I am reposting ”Global Warming and the Transitional Wardrobe” in response to requests to highlight this once again and it still applies more than ever. The original post was in September 2008 so, it showcased collections available during that time period plus some of the pieces lean heavily under the spring/summer category, however, the seasonal-mixing theory is still the same and can be applied today.
It seems that paying more attention to what you wear amidst each seasonal change can no longer be postponed. In the past three or so years it has become quite evident that global warming is no longer allowing designers and the fashion conscious to identify their designs by seasons. It’s almost as if these longer seasonal transition periods have become a ‘new season’ and thereby are not only having effect on what we wear but also what we buy. It used to be that one could slide by for around three weeks wearing, in this case, summer clothes as we head into fall because the fickle weather didn’t last long. And so if we got caught wearing a summer outfit on a cold day early in the season then it was easily survived and forgotten. However, nowadays this transitional fashion grace period is becoming extinct. Consequently, more attention needs to be paid to this ‘new season’ which I refer to as the Transitional Season. Thank goodness for the Pre-Fall Collections!!!

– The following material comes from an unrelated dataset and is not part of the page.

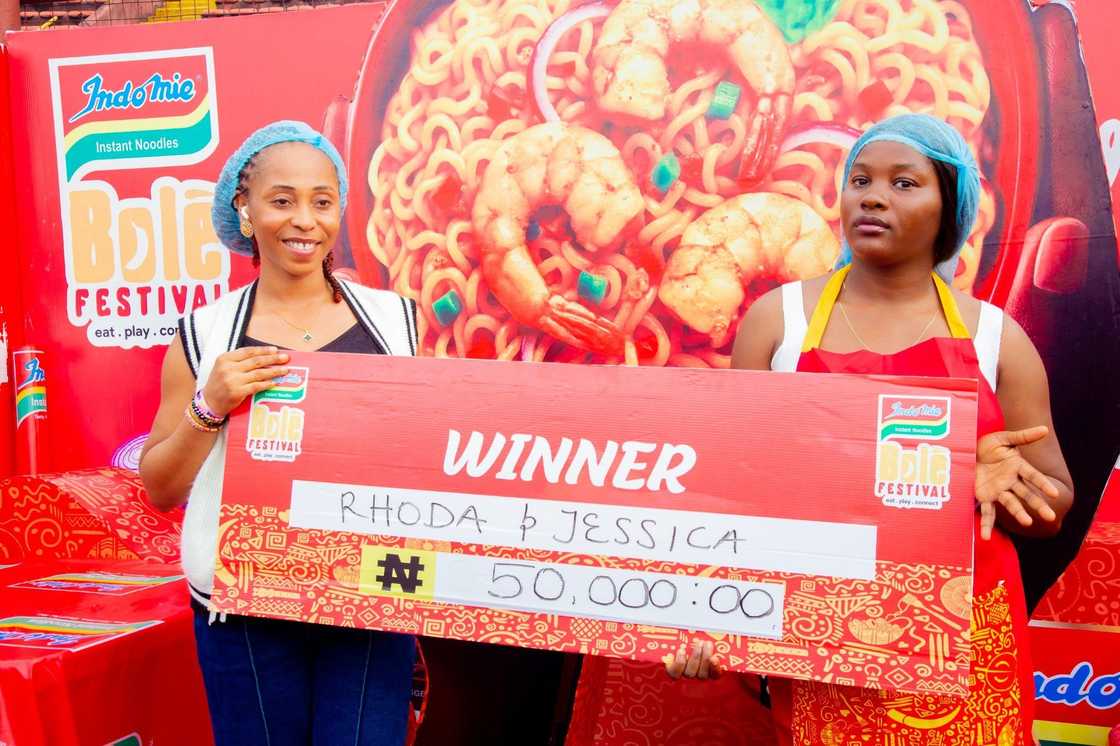 How Indomie Turned the 2025 Bole Festival into a Cultural Experience to Remember!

For all of you that are struggling with the transition right now from summer to fall, here are some chic weather proof suggestions to help build or to add to your transitional wardrobe:
LAYER DIFFERENT SEASONS
Diane von Furstenberg in her Pre-Fall 2008 Collection did a wonderful job here pairing a spring/summer dress with a fall/winter sweater coat and blazer. The idea of combining staple pieces from different seasons is a fundamental styling technique for a transitional wardrobe. Be sure to note that the darker color scheme and sporadic prints on the dresses have pre-fall undertones. And the open-toe platforms top off the outfit. These shoes can easily transition into fall and be worn with opaque tights. Here are some more examples of this trend.
ADD A MIXED-SEASONAL PIECE
I love what Marc Jacobs did here for the Louis Vuitton Pre-Fall 2008 Collection by designing an ivory closed-toe oxford pump. One tends to typically catch sight of oxfords during the fall/winter months; however these are in a light spring/summer color. Same with this gorgeous floral brocade Oscar de la Renta coat made with a heavier fall/winter fabric. These mixed-seasonal pieces add an unexpected twist to an outfit. Again, combining seasons is key.
The idea here is to wear spring/summer pieces on top and fall/winter ones on the bottom. Narcisco’s lovely short sleeve dress combined with dark opaque tights is an easy transitional outfit. Burberry’s Christopher Bailey shares with us a wonderful example of seasonal merges as well. As do Dolce & Gabbana and the ever so talented Vera Wang.
A TOUCH OF LIGHT GREY
By adding a touch of light grey to an outfit it just seems to make the overall look appear less heavy and dark. And therefore it is the perfect addition to include in your transitional wardrobe. Plus this shade of grey, especially when combined with more saturated colors looks well on most everyone.
SLIP ON SPRING/SUMMER SHOES WITH DARK OPAQUE TIGHTS
Wearing a sheer blouse or twinset on the top half of your body while wearing dark fall/winter pieces on the bottom half is a splendid tactic for a transitional ensemble.
Incorporating autumnal colors with existing seasonal pieces is a surefire approach to putting together a chic transitional outfit. Here are some further samples.
Remember that a designer’s expertise in part is not only to create and to manufacture beautiful clothes and accessories but it is also an opportunity to inspire us. So, perhaps you see an outfit that you really like however, the shape doesn’t work best with your particular body type. Then look at which specific elements you are drawn to from that ensemble and try to incorporate/tweak/adjust them as necessary to get the overall desired look. A simple example might be that you like some of the dresses showcased here but they are too short for you, your professional position or the suggested samples just don’t fit into your wardrobe budget. Then try to find longer and/or lesser expensive versions with the same shape, color, print, fabric or general silhouette created by the designer. When a designer puts an inspirational outfit together – break it down to find the main reason(s) you’re attracted to it or what makes it so special and then take those attributes and make it work for you and your lifestyle. However, please note in this particular example regarding dress length, oftentimes there are adjustments made to the pieces worn on the runways so as to support a larger audience in the stores. Plus the average height of models is 5’9” so a dress hem may fall longer on you.
These were just a few suggestions to get you started when thinking about expanding your transitional wardrobe so as to thrive and be better prepared for random weather patterns however long they may last.
What are your foolproof pieces that you wear during a change in seasons? Have you noticed a difference in your approach to buying staple pieces for your wardrobe based on recent weather conditions?